> _DATA_:
*** Block opens ***
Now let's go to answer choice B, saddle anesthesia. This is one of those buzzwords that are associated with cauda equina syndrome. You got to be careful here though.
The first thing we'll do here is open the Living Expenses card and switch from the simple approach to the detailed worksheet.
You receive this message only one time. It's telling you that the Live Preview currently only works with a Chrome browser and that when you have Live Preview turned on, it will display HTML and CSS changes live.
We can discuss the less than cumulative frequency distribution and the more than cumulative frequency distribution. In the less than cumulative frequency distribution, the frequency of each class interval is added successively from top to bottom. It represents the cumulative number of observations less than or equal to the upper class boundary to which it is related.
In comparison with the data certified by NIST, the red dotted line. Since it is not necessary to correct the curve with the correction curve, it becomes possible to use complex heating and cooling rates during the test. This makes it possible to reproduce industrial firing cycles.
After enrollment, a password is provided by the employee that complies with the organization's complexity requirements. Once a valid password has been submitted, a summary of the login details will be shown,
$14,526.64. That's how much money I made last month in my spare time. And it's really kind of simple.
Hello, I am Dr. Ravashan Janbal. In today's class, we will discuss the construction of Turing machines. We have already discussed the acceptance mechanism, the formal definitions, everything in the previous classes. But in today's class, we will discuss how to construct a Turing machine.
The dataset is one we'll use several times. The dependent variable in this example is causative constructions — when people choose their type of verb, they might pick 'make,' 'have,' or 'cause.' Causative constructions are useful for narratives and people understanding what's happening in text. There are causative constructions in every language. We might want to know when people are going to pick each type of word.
*** Block closes ***
*** Block opens ***
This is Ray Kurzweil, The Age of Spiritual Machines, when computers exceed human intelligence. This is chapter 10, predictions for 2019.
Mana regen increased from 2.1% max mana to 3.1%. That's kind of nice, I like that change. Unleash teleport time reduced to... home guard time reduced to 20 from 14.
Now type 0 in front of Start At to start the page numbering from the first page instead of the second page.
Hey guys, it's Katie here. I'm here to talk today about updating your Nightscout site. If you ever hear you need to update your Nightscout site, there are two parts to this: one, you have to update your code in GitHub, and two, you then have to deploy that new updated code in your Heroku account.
*** Block closes ***
*** Block opens ***
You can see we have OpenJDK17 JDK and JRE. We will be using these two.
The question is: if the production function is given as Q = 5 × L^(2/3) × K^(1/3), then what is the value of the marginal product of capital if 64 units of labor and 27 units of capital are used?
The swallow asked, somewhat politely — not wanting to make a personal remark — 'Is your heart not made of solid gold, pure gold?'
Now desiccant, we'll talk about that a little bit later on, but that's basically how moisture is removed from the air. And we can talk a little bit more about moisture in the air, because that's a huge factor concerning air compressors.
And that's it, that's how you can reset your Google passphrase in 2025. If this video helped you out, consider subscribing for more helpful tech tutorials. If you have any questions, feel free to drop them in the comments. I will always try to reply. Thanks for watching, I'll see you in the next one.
*** Block closes ***
> _EXERCISE DETAILS_:
In the records, locate each line holding the string "about" and copy it.

> _ANSWER SPACE_:
Hey guys, it's Katie here. I'm here to talk today about updating your Nightscout site. If you ever hear you need to update your Nightscout site, there are two parts to this: one, you have to update your code in GitHub, and two, you then have to deploy that new updated code in your Heroku account.
Now desiccant, we'll talk about that a little bit later on, but that's basically how moisture is removed from the air. And we can talk a little bit more about moisture in the air, because that's a huge factor concerning air compressors.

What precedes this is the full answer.